---- DATASET CONTENT

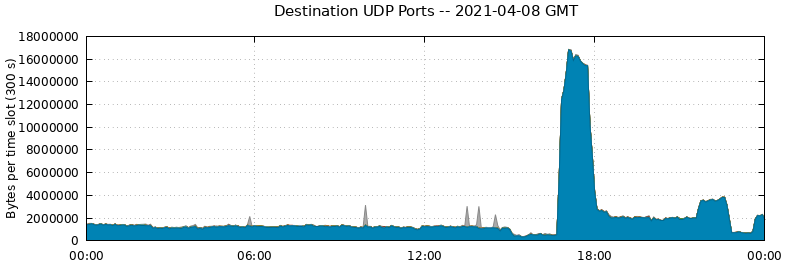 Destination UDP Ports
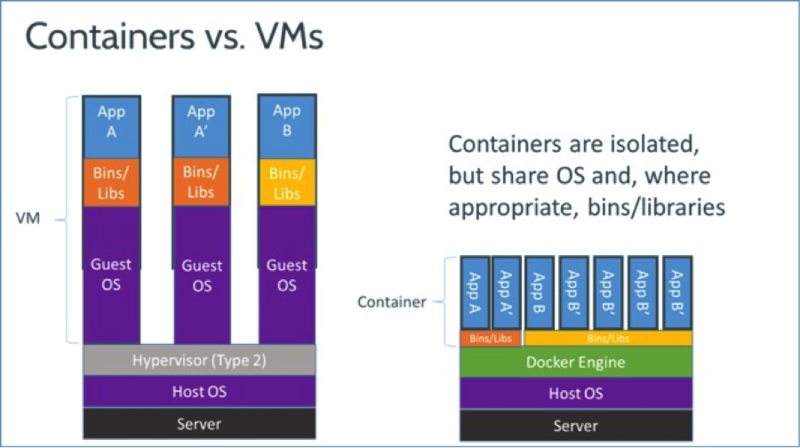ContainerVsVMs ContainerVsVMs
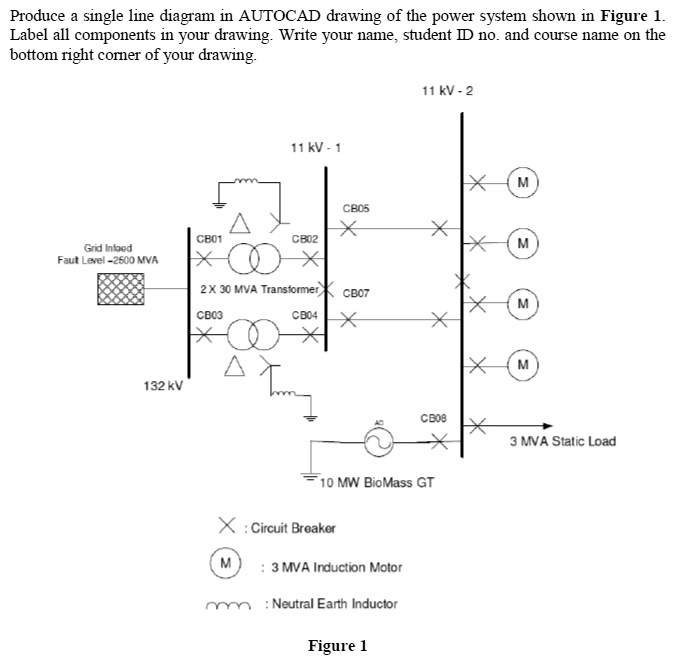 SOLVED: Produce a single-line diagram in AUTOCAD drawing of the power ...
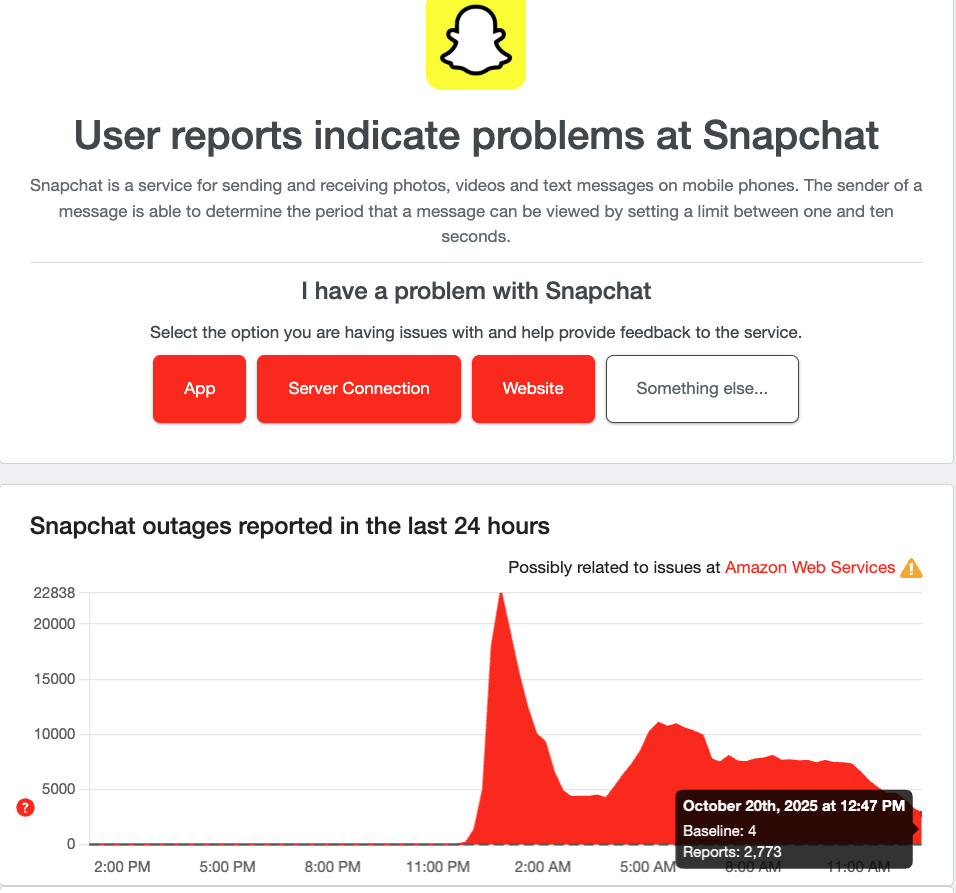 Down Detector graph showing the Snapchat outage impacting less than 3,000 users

--------

_THE TASK_:
Leaving the pictures aside, transcribe only the lines from the one containing "SOLVED: Produce a" to the final line of the listing above, inclusive, exactly as they appear.

_YOUR SOLUTION_:
 SOLVED: Produce a single-line diagram in AUTOCAD drawing of the power ...
 Down Detector graph showing the Snapchat outage impacting less than 3,000 users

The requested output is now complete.